The arts fight to the death
Whether the Youngstown Playhouse can be saved to see a second half-century of performances is a question that must be answered by the arts community at-large. And it is only one of many questions facing Youngstown and surrounding communities regarding their ability to maintain dozens of theaters, galleries, acting companies, bands and orchestras.
In short, this area is attempting to maintain an artistic lifestyle that it inherited from a different, more prosperous age. It was an age when Youngstown and Warren were the homes of major corporate headquarters and living standards were high. As an entry in today’s Years Ago column notes, in 1959 — the year the Playhouse opened, production workers in Youngstown, of which there were tens of thousands, earned the third highest wage of any city in the United States.
Theaters come and go
Times have changed. Indeed, times began changing not long after the Playhouse was opened 50 years ago. It is fair to ask whether the building would have ever been built if Playhouse members had known that within a decade four major downtown theaters would go dark. Among those was the Palace, which had an excellent theatrical stage dating to its vaudeville days. It was razed in 1964.
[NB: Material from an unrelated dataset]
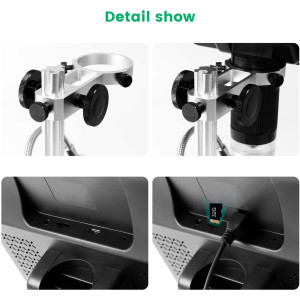 Andonstar AD208, the magnification device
Just as it may have been impossible to look ahead in the mid-1950s when money was being raised to build the new Playhouse, it will be difficult to puzzle out if or whether the building can be saved today.
But the prospect of its demise gives a reason for all of the competing arts entities — especially the theatrical ones — to begin discussing how they can better work together. There is a finite limit to theater patrons, which means there is a limit to how many stages can be maintained and how many opening nights can be successes.
They can resolve to work together, or go dark separately.